==== Dataset extract
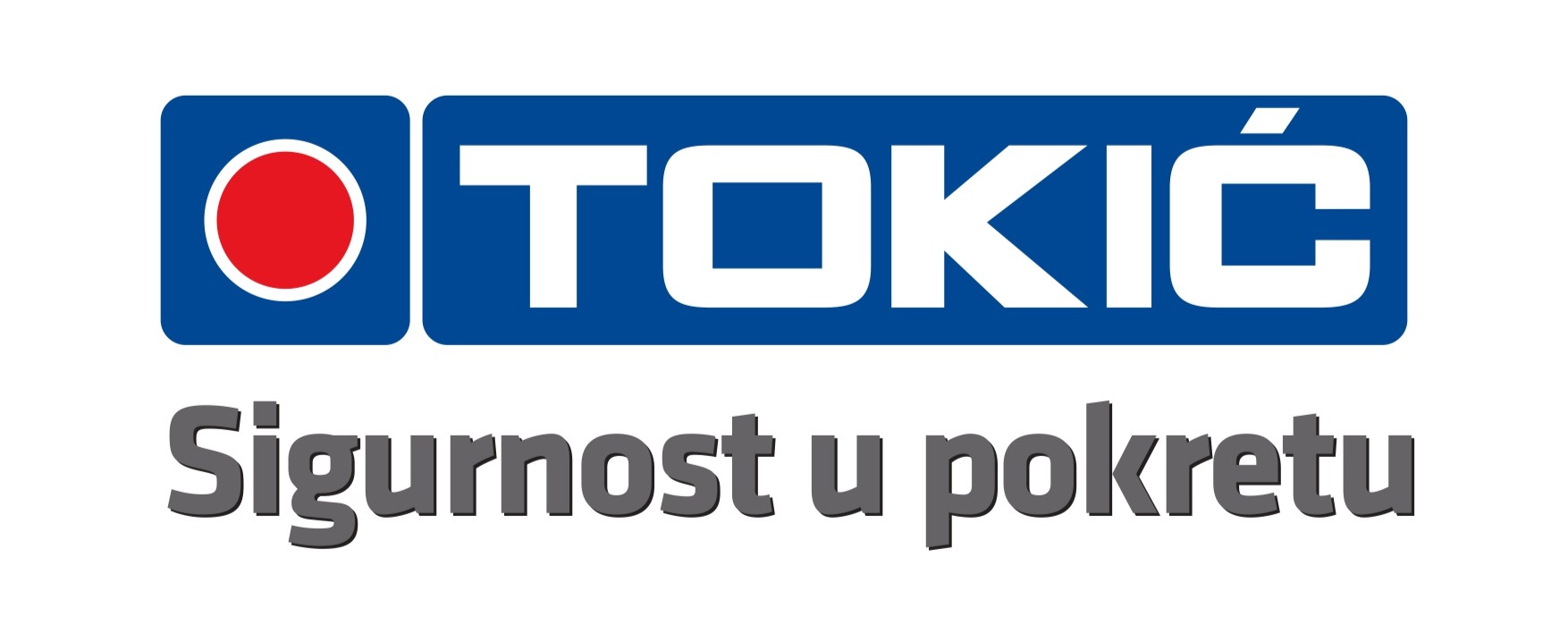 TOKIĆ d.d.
========
==== Dataset extract
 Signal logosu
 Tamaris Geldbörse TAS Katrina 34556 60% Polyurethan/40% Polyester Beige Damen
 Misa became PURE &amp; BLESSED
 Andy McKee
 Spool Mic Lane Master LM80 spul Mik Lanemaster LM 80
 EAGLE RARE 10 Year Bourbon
========
Exercise description. Reproduce exactly the lines of the records above from the one with "Spool Mic Lane" to the one with "EAGLE RARE 10 Year Bourbon", both included, and leave out everything else.

Solution for this task.
 Spool Mic Lane Master LM80 spul Mik Lanemaster LM 80
 EAGLE RARE 10 Year Bourbon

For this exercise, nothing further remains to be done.